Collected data
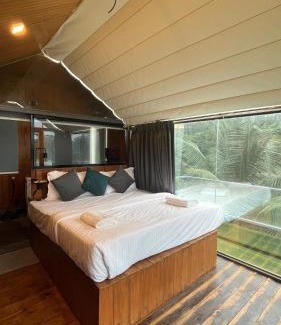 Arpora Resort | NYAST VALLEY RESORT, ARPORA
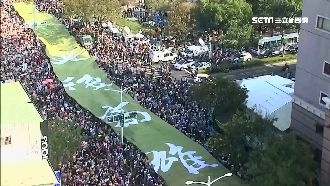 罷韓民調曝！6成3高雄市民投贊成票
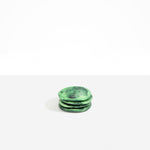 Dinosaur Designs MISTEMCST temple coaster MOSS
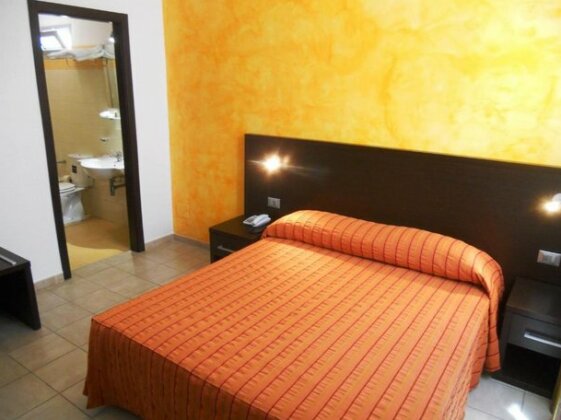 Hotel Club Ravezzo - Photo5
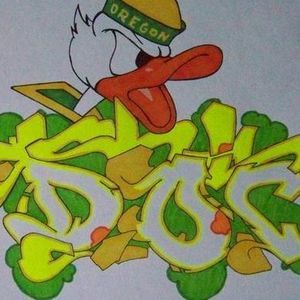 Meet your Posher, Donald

■ Exercise prompt ■
Set the entries down exactly, but not the pictures.

■ The completed task ■
 Arpora Resort | NYAST VALLEY RESORT, ARPORA
 罷韓民調曝！6成3高雄市民投贊成票
 Dinosaur Designs MISTEMCST temple coaster MOSS
 Hotel Club Ravezzo - Photo5
 Meet your Posher, Donald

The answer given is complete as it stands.